> **AIM OF THE TASK**:
Images excluded, repeat each entry below exactly.

____________

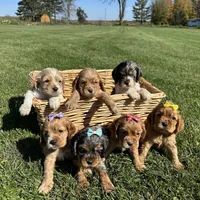 processed/b5532e8e-36a6-40e0-9840-dc4996fa709b/facility/c1c3f58b-935c-4243-9f91-1ab4acdd5823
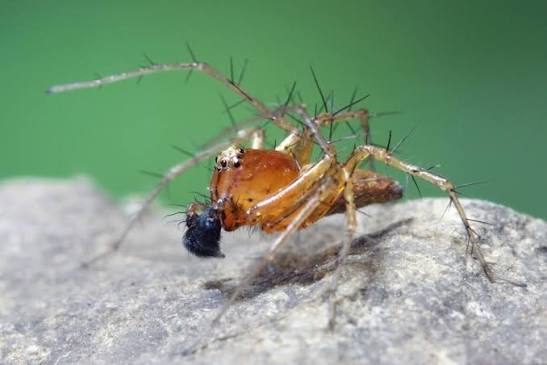 Striped lynx spider showing numerous long black spines on its legs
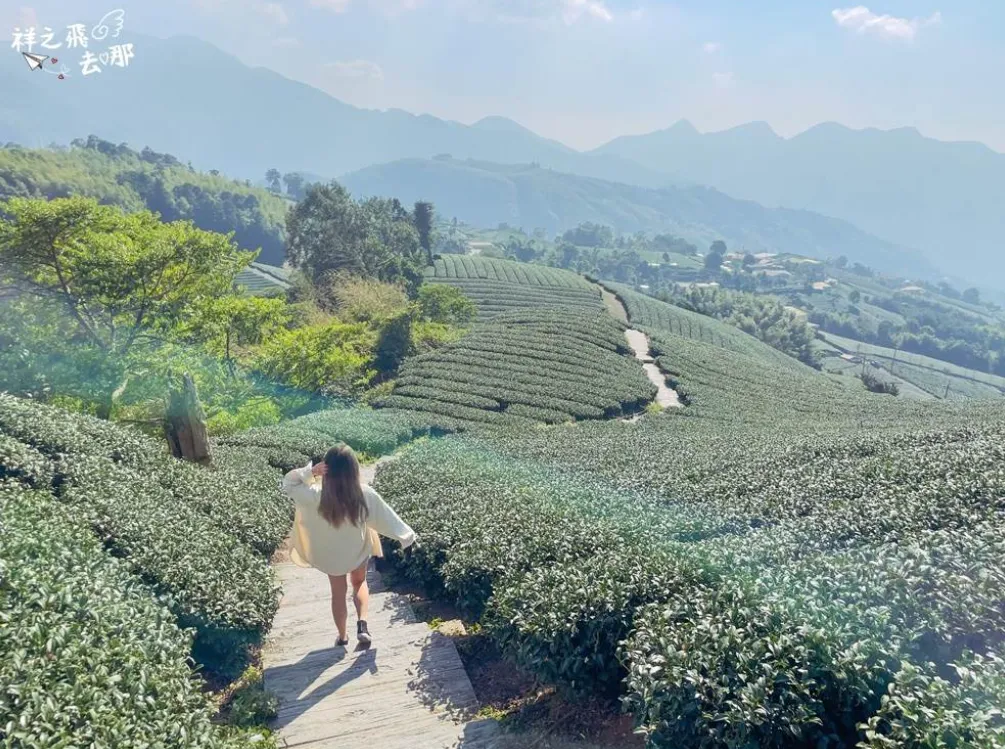全台免費觀景台推薦｜嘉義：瑞峰1314觀景台。（圖／輕旅行提供）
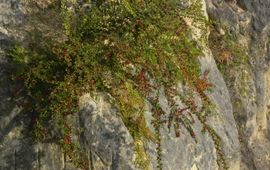Cotoneaster divariacatus op merchelgroeve richels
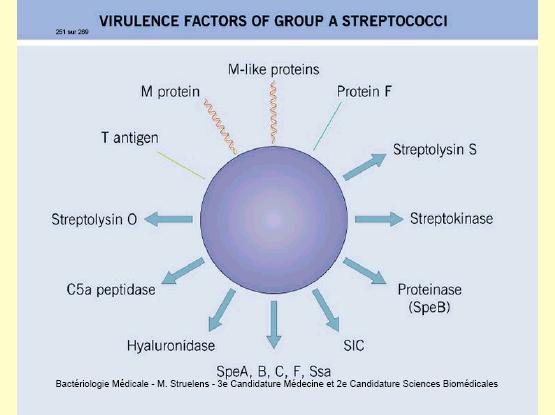 Induce formarea Ac neutralizanţi antistreptolizine O (ASLO). SLS nu este imunogenă. Manifestă activitate citolitică şi leucotoxică.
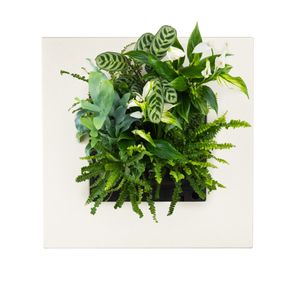 LivePicture GO Bamboo naturel, levend planten schilderij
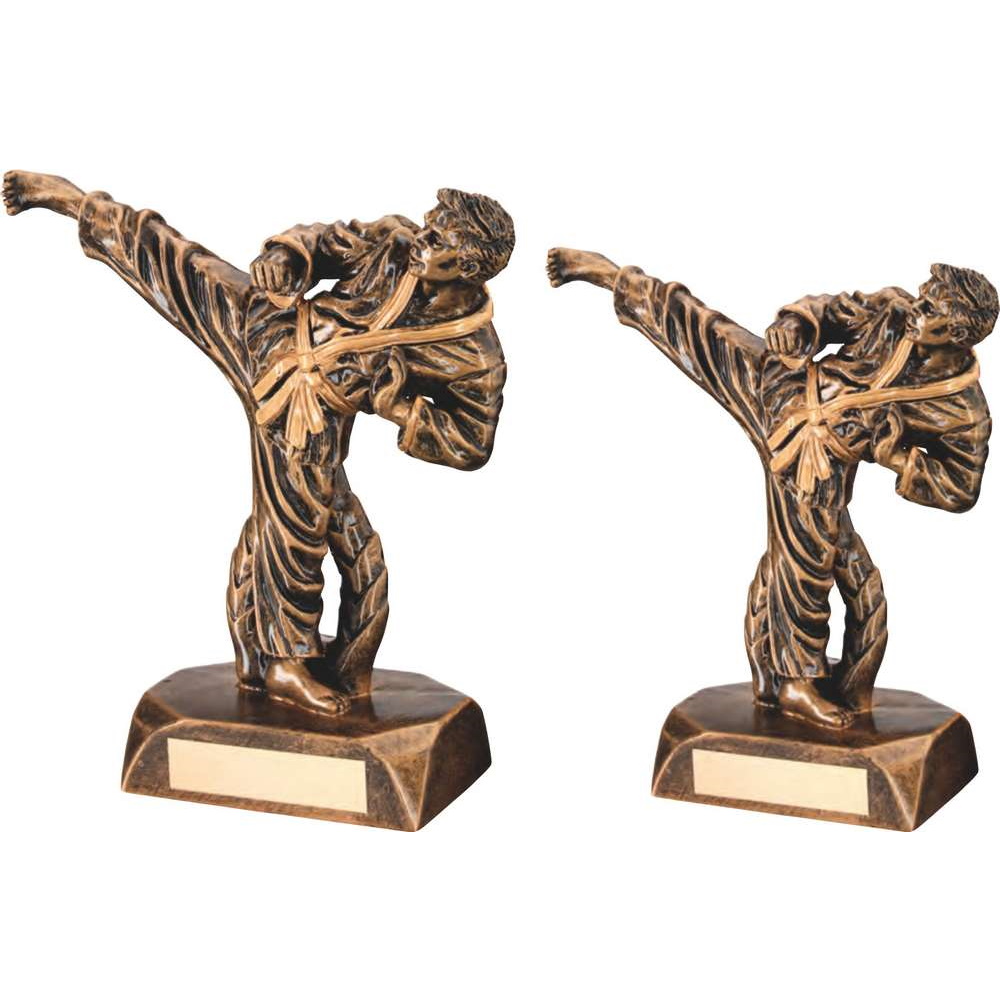 Resin Karate Figure Trophy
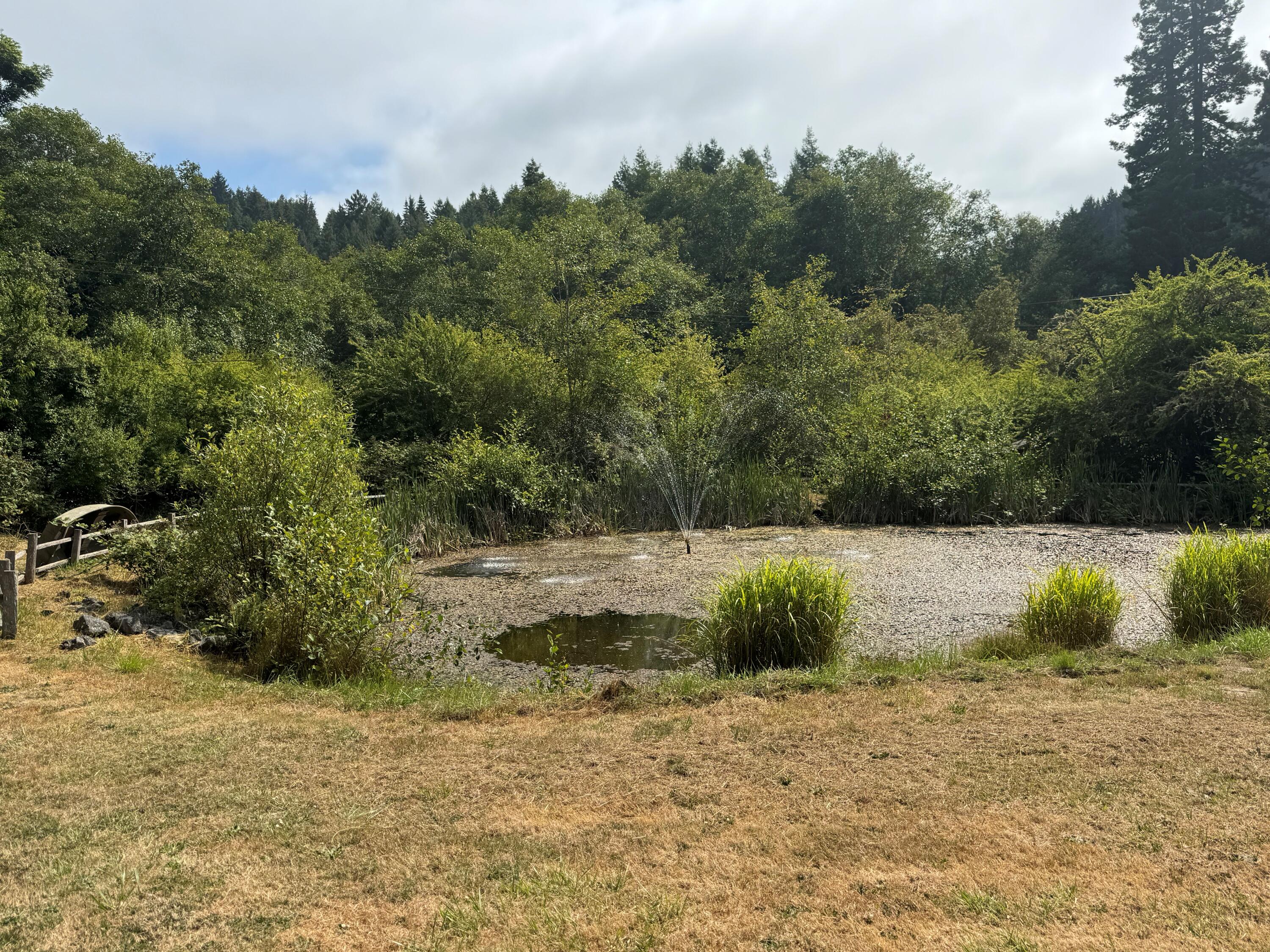 8472 Elk River Road Eureka, CA 95503 - Photo 10 of 46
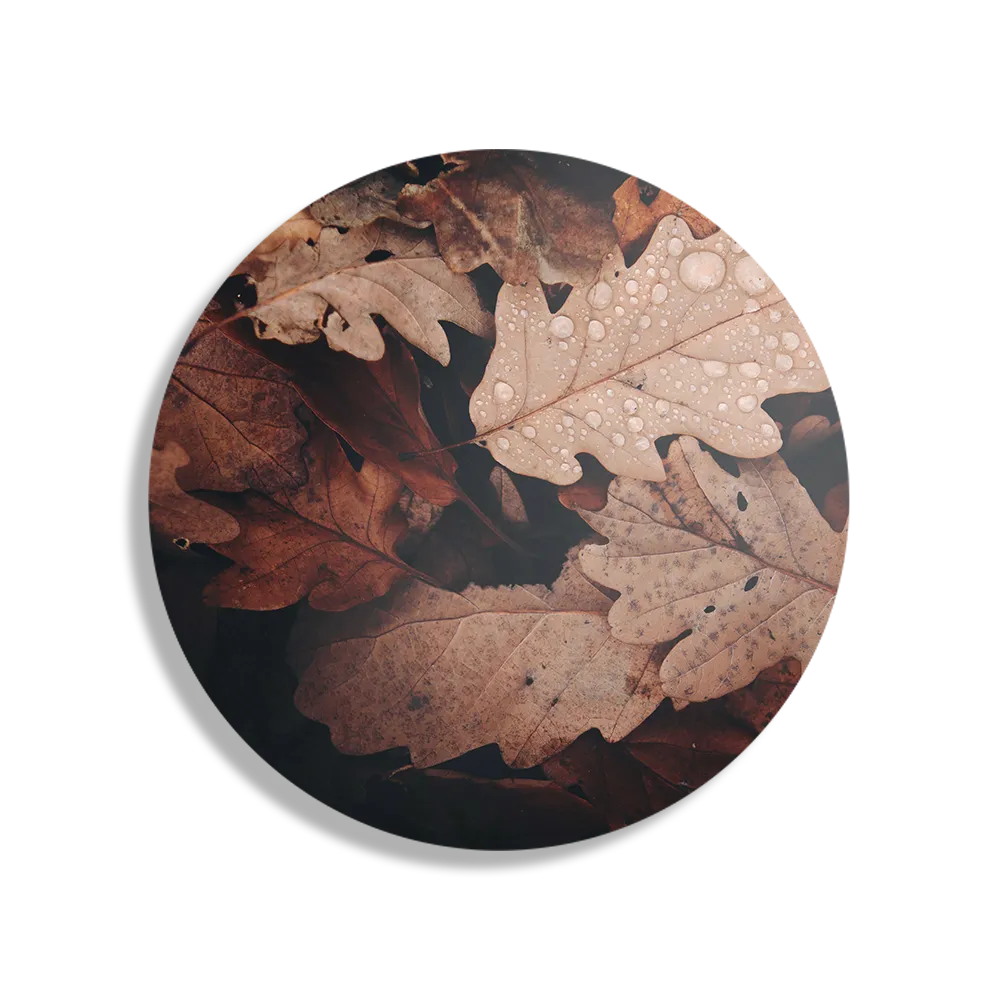Schilderij Herfstweer Rond – Muurcirkel Template TP DB Rond Natuur 13 1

____________

> **ANSWER BELOW**:
 processed/b5532e8e-36a6-40e0-9840-dc4996fa709b/facility/c1c3f58b-935c-4243-9f91-1ab4acdd5823
 Striped lynx spider showing numerous long black spines on its legs
全台免費觀景台推薦｜嘉義：瑞峰1314觀景台。（圖／輕旅行提供）
Cotoneaster divariacatus op merchelgroeve richels
 Induce formarea Ac neutralizanţi antistreptolizine O (ASLO). SLS nu este imunogenă. Manifestă activitate citolitică şi leucotoxică.
 LivePicture GO Bamboo naturel, levend planten schilderij
 Resin Karate Figure Trophy
 8472 Elk River Road Eureka, CA 95503 - Photo 10 of 46
Schilderij Herfstweer Rond – Muurcirkel Template TP DB Rond Natuur 13 1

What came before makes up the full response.